You’d think it would be the opposite — that we’d have more children when we get to where we can afford them. But wealth tends to make us self-indulgent, and many couples who make very good money prefer to maintain a certain lifestyle in preference to having children or very many children. And historically, the mainline churches have had wealthier members than the more conservative ones — on the whole.
Now, part of this phenomenon is also driven by the Catholic Church’s opposition to birth control, meaning that Catholics have much higher birthrates than Prostestants. But it’s also driven by the syncretic nature of American Protestantism — that is, we Protestants are as likely to derive our values from the surrounding culture as from the Bible (don’t we live in a Christian nation?). And so those of us who have more than two children are considered a bit odd. Four! Are you kidding? Why?? (I have four sons.) It’s just assumed that we should make childbearing decisions on a purely selfish basis. That’s our culture.
But Christianity changes everything, even our decisions as to family size and lifestyle. And while I’m proud to have brought 4 solid Christians into this world via natural birth, I’m much more impressed with two young couples at my church. These families already have more than 2 kids, and so are well beyond quota. But they’ve decided to adopt orphaned children from Ethiopia — as a way of living out their Christianity in the most intimate, personal way possible.

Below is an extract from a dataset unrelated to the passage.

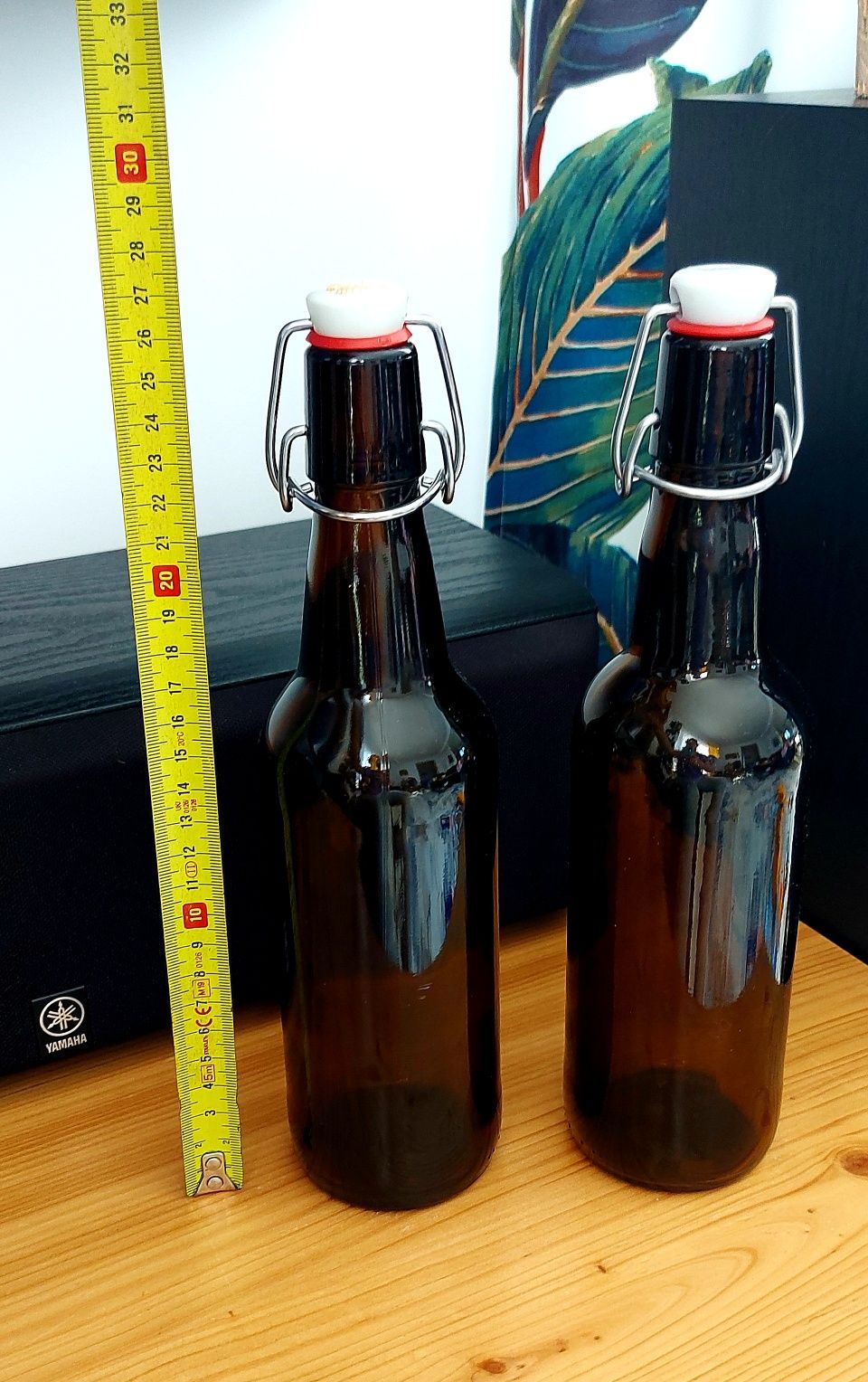 Butelki dwie szklane 0,5 l brązowe szkło z korkiem szczelne zamykanie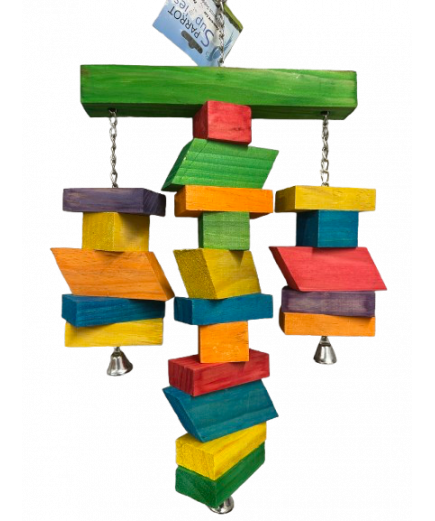 Parrot-Supplies Trio Block Tower Chunky Wood Huge XL Parrot Toy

Frankly, such an idea wouldn’t have even occurred to my generation. We were pretty outlandish having four kids. And so I’m touched and impressed by the authenticity of those who so love Jesus that they’ll reach halfway around the world to rescue children in this way.
(Luke 18:15-16) People were also bringing babies to Jesus to have him touch them. When the disciples saw this, they rebuked them. 16 But Jesus called the children to him and said, “Let the little children come to me, and do not hinder them, for the kingdom of God belongs to such as these.”
Caring for children and youth
It’s a widely observed phenomenon that many young people leave the church in college and return when they marry and have children. And when this happens, they look for a church with a great program for children.
Now, to some extent, we risk catering to the consumerism of such people, offering a valuable service in exchange for attendance and a check. The trick is to see the children’s/teen program as something other than a product to be sold on the open market. Rather, the mission of those programs should be two-fold: (1) to bring the children to a strong, personal faith and walk with Jesus and (2) to bring the parents to a strong, personal faith and walk with Jesus. Thus, children’s ministers and teen ministers should be looking for ways to build the faith of the parents as well as the kids. At least, that’s how I see it.
Some of this is as simple as getting the parents involved in the ministry. People come to believe in what they do. If the parents help plan devotionals, mission trips, and projects to serve the poor, their experiences will make these things matter to them — just as it will for their kids.
And so, while I admit the difficulties, if the ministers would make a point to involve the “fringe” parents who aren’t the very best volunteers and the most spiritual, they may find that these parents are transformed as they encounter Jesus in the works of their ministry — which would be the best possible service to the children of these parents.